The reply should hold only the lines below from the one with "this 1456×820 image." to the end, each copied exactly.

---*---

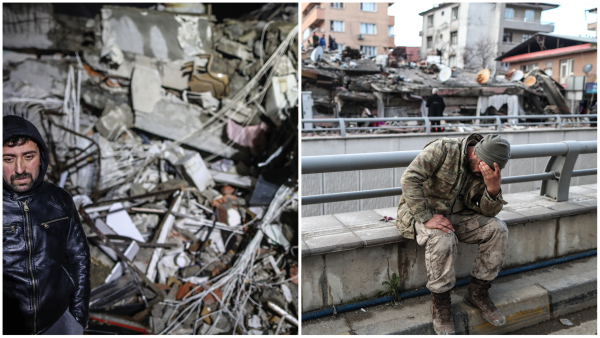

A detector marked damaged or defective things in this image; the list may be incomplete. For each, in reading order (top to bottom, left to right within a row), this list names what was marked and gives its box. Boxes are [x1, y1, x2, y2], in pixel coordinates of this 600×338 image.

earthquake damage [4, 3, 300, 336]
earthquake damage [302, 47, 580, 135]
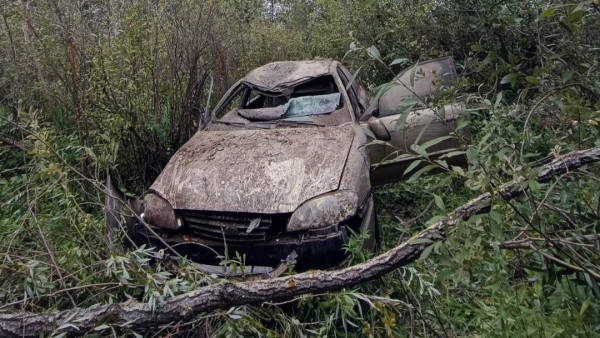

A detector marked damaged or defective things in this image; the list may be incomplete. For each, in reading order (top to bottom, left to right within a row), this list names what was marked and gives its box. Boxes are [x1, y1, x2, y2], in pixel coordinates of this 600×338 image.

damaged car [108, 57, 468, 274]
broken headlight [142, 193, 182, 230]
broken headlight [286, 190, 356, 232]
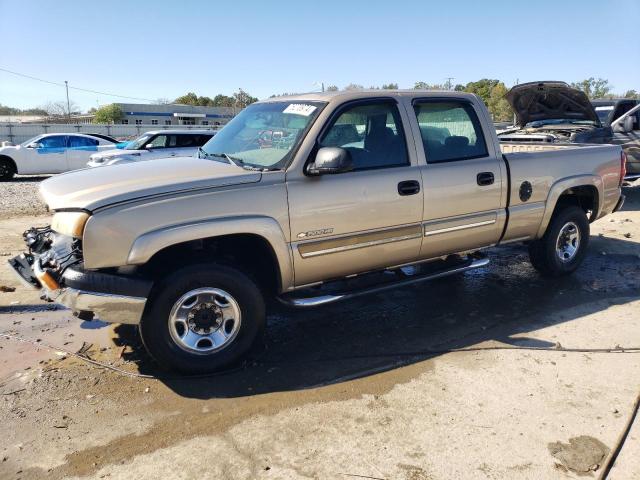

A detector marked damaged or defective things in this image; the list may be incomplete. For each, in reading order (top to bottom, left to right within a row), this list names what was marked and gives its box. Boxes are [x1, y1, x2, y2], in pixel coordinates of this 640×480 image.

damaged front bumper [8, 227, 151, 324]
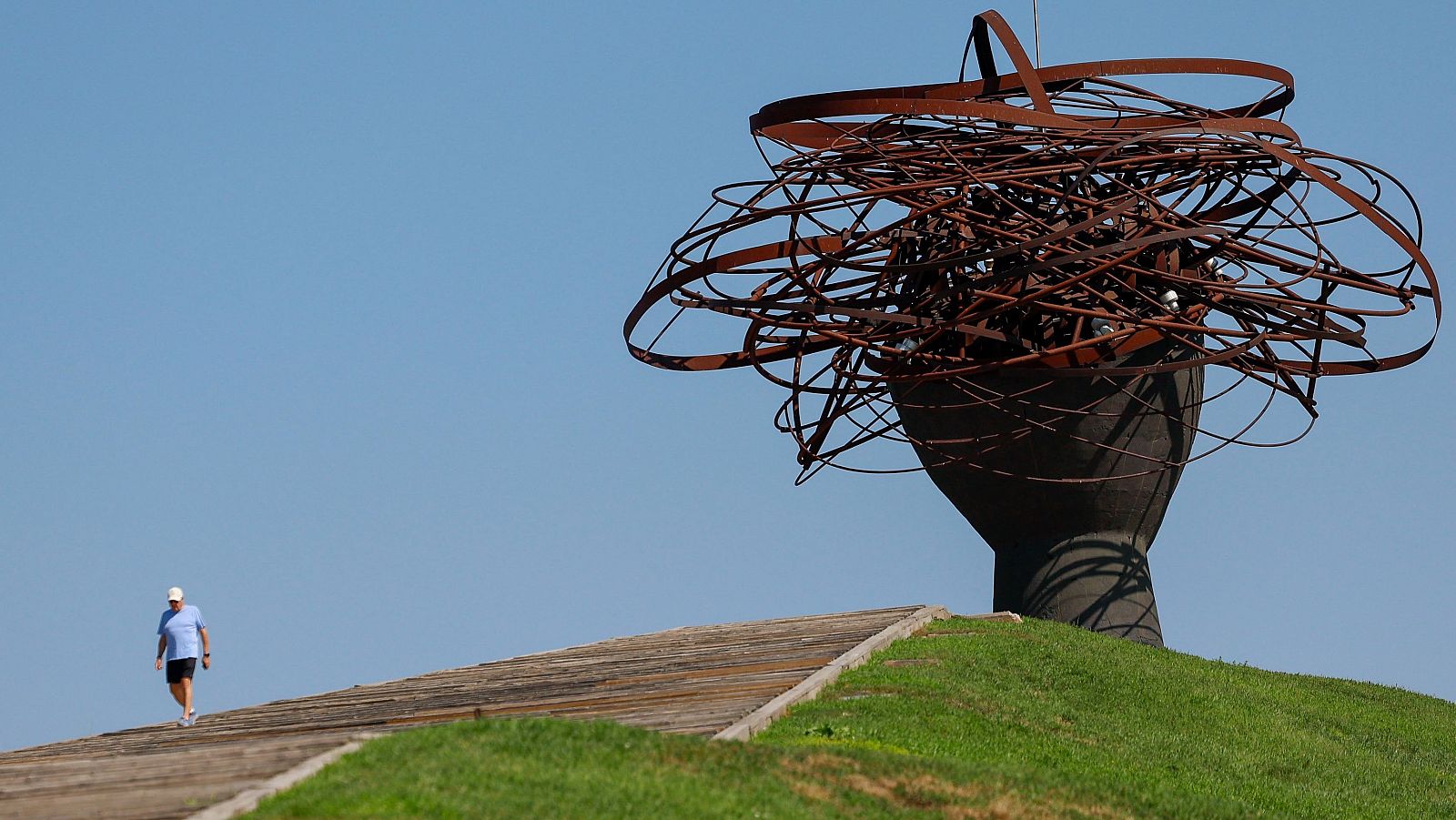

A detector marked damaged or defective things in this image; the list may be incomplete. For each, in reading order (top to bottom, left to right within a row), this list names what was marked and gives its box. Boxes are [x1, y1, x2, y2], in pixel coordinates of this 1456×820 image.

rusty steel ring [622, 9, 1434, 481]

---*---

▶ **RESPONSE BELOW**:
A detector marked damaged or defective things in this image; the list may be incomplete. For each, in reading order (top to bottom, left to right within a row), this list names what was marked and gives its box. Boxes are [x1, y1, x2, y2], in pixel coordinates of this 1456×820 image.

rusty steel ring [622, 9, 1434, 481]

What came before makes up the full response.